Lebanon: Update on MSF's COVID-19 response

Médecins Sans Frontières/Doctors Without Borders (MSF) has launched activities in Lebanon to respond to the COVID-19 pandemic, aiming at increasing access to healthcare for vulnerable communities. MSF intends to keep most of its regular medical programs running, while strengthening infection prevention and control measures across its activities.

“Building on our experience in emergency interventions and epidemics responses, we started implementing triage and pre-triage in all our clinics for the protection of patients and staff,” says Amaury Gregoire, MSF’s Head of Mission in Lebanon. “The communities we serve are at higher risk of being affected because of the crowded settings they live in, the weaker general health status and the barriers many face in accessing health care in Lebanon.”

MSF’s COVID-19 response covers three areas of intervention: adapting activities in our own facilities, supporting governmental hospitals, and raising awareness among vulnerable communities.

Increasing the nation-wide bed capacity

“We are concerned that the number of beds currently available in the Bekaa Valley may not be enough if the outbreak takes hold,” says Gregoire. “We are preparing our teams to receive people with COVID-19 in our facilities too, in response to the emerging needs of the Lebanese population as well as the Syrian and Palestinian refugees or anyone else in the Valley.”

  • In the town of Zahle MSF runs a paediatric ward which is equipped with a paediatric intensive care unit (PICU). Our teams are supporting hospital staff by organising the triage, screening, testing and care of children. The hospital is a COVID-19 referral hospital, and measures are also in place to ensure that treatment for other illnesses continues.
  • In the town Bar Elias, MSF’s hospital will be ready to host COVID-19 patients too. The facility will have a 63-bed capacity, an intensive care unit (ICU), and more than 200 trained staff members on duty. The hospital usually handles elective surgeries and wound-care activities, however MSF has temporarily suspended elective surgeries to better prepare for a potential influx of COVID-19 patients. Wound care activities are still running in a new area.  

Supporting government hospitals and isolation sites

MSF has been in contact with several governmental hospitals to support them with logistic services and medical supplies, and increase their medical capacities through staff training.

  • In Zahle, central Bekaa, MSF has set up a COVID-19 emergency room in the Elias Hraoui Governmental Hospital. It will be used for pre-triage and triage of adult patients, and includes a waiting area and a testing area.
  • In Saida, South Lebanon, MSF helped restore biomedical equipment in Saida Governmental Hospital and provided technical and logistic support to the Al Hamshari Hospital, the central Palestinian Red Crescent Society Hospital in Lebanon. In both facilities, MSF conducted training sessions for staff on infection prevention and control (IPC) measures.
  • MSF deployed a medical team to UNRWA’s Siblin training centre, which will be turned into an isolation site. MSF will support in the management of the facility. Our team also trained UNRWA staff on IPC and biosafety and will support them to maintain these standards..

Building community engagement and awareness  

MSF teams have conducted a series of intensive health awareness sessions about COVID-19, targeting patients as well as vulnerable communities.

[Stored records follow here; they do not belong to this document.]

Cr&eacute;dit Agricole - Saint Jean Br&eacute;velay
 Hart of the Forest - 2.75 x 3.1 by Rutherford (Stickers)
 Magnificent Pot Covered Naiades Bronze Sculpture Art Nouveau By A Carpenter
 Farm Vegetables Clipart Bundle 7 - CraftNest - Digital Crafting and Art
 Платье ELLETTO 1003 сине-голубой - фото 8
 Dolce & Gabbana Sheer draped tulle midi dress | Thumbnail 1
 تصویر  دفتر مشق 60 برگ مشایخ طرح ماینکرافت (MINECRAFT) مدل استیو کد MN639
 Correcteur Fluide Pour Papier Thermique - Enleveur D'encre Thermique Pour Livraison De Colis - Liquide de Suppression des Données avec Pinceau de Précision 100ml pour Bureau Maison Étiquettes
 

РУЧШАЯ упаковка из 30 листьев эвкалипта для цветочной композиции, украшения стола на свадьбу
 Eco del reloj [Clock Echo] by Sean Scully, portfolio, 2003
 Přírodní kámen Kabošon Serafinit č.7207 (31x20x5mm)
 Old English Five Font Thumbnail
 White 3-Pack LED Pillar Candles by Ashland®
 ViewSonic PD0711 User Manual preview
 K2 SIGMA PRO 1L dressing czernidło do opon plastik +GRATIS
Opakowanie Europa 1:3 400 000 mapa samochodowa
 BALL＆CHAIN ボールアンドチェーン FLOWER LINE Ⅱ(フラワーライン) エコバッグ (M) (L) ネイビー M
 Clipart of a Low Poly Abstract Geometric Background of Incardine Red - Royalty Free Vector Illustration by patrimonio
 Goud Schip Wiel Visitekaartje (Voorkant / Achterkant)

  • Since early March, MSF teams (including through volunteers and other local actors) have reached tens of thousands of households in different areas in Lebanon in the North (Tripoli and Akkar), the south (Ain al Helweh camp), southern Beirut (Shatila and Burj el Barajneh camps) as well as the Bekaa region. MSF teams have distributed soap bars and water tanks. 
  • In Dora, a northern suburb of Beirut, MSF has created a medical helpline in partnership with a local organisation called Anti-Racism Movement, in order to provide medical support and assistance to the migrant communities and especially women who are domestic workers during the lockdown. The phone consultations cover urgent and acute medical conditions, counselling and mental health support, and orientation and referral to other health services if needed.

 

ENDS

MSF is an international, independent, medical humanitarian organisation that delivers emergency aid to people affected by armed conflict, epidemics, natural disasters and exclusion from healthcare in almost 70 countries around the world. MSF offers assistance to people based on need and irrespective of race, religion, gender or political affiliation.

MSF began working in Lebanon in 1976 in response to the civil war, sending medical teams to the south of the country and Beirut. This was MSF’s first mission in a warzone.

Today, MSF is providing free medical care in various locations in Lebanon.